Da giovane sono stato pescatore, sebbene fedele seguace dello “stile Giunti”: acqua tanta e pesci punti. Il che non mi ha impedito nè, in una minore misura, mi impedisce di amare ancora quello sport.
Non so quindi se mi suoni più preoccupante l’invenzione in sè o l’affermazione che “non ne potremo farne a meno” or ora letta sull’edizione on line di un importante quotidiano a proposito dell’imminente messa in commercio di un “drone subacqueo per pescare”.
In pratica, è la versione 4.0 della pesca con la cara, vecchia dinamite: bomba in acqua e retino per raccogliere i pesci uccisi dallo scoppio.

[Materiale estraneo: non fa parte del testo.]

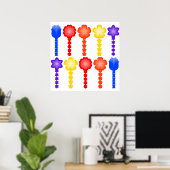Levendig Abstract Bloemmotief Vierkant Poster (Thuiskantoor)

Il drone è infatti una sorta di mini sommergibile che si muove “fino a 30 metri di profondità, attorno al punto in cui avete gettato l’amo”. Mentre attendete, dimenticatevi pure esche, calate, pasture, trucchi e perfino di fare silenzio, tanto pensa a tutto lui: con “raggi di luce blu” (!) attira i pesci, individuandoli tramite un sonar capace di arrivare fino a 70 metri di profondità. Non basta? Eh no, infatti è capace di fare anche meglio: “…grazie ad un sistema Wi-Fi invia in superficie le foto in HD del fondale sulla app dello smartphone del pescatore, oltre a dati ambientali come la temperatura dell’acqua” e, ovviamente, la “tipologia dei pesci individuati, suggerendo le tecniche di pesca più adatte”.
Di fronte a un tale dispiegamento di forze digitali, il povero pesce non può che capitolare.
Prossimo presumibile passo, la pesca “wireless” e “rodless”, cioè senza fili e, finalmente, pure senza canna, e che diamine!
Più di questo, agli alieuti digitali cosa resta?
Forse solo di evitare la fatica di andare a pescare, recandosi, come si faceva una volta, in pescheria per comprare dei bei pescioni da mettere nel cestino vuoto e da gabellare come catture.
Sempre pesca del Giunti resta, ma molto meno divertente.